"Adoptive Moms" and Unusual Lies
Catch this new celebrity adoption story. Jodi Applegate, 44, an anchor on the New York City Fox News affiliate believed that she was an adoptee for a good portion of her adult life. After her mother passed away her aunt told her the truth. She was not adopted. It seems that Applegate's mother became pregnant in 1963 and moved away from family and friends. After giving birth to her baby girl, she placed the child in a Pittsburgh foster home for 8 months. She later returned, retrieved her daughter and moved back home to West Virginia announcing that she had adopted the little girl.
Wow. I thought that was a new one, but then I found this next similar story.

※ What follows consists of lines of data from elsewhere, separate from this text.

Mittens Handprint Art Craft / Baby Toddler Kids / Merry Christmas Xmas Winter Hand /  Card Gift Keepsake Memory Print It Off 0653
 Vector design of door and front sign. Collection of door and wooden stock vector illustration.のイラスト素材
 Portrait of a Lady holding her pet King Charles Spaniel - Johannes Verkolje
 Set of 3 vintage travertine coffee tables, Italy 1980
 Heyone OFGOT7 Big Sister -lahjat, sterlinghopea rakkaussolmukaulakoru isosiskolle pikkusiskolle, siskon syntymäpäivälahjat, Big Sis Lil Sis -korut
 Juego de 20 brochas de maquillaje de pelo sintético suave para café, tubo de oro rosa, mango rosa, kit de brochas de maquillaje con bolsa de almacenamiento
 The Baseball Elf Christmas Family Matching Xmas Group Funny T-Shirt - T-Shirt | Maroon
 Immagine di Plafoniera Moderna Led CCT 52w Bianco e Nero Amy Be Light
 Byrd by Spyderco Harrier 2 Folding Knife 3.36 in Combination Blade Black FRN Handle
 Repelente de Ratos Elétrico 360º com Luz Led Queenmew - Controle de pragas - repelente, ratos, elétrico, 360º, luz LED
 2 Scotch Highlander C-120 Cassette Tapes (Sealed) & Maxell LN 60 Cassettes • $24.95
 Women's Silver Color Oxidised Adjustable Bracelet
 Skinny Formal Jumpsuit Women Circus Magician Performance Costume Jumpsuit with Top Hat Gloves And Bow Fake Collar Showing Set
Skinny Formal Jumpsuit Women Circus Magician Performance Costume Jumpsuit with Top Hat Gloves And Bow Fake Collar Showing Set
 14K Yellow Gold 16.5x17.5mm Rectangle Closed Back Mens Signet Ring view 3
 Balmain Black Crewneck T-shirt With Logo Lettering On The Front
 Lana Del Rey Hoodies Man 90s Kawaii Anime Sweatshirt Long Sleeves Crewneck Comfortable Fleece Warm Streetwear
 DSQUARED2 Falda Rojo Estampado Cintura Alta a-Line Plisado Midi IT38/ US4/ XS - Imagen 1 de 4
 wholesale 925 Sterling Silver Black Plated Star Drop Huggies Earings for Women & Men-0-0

Academy Award-winning actress Loretta Young gave birth to the love child of Clark Gable in 1935. She placed the infant in an orphange and later returned and adopted the baby girl, according to The Associated Press.
You know, didn't Moses' mom do kind of the same thing? I guess it is true. There is nothing new under the sun.
I "get" why these ladies lied. They wanted to avoid the stigma of being pregnant outside of marriage. But why not tell their children the truth? And along that same line, what makes telling one's child that he or she is adopted so difficult?
This is an interesting article and seems to be backwards and upside down to me as we usually hear of parents not telling their children that they are adopted. But, the serious side of all of this is how traumatizing lying to one's child can be. The aftermath of such news can be the very end of the parent/child relationship.
We hear how many adoptees just "know" that they are adopted or feel out of place in their family. I wonder if Applegate just "knew" that she was not adopted?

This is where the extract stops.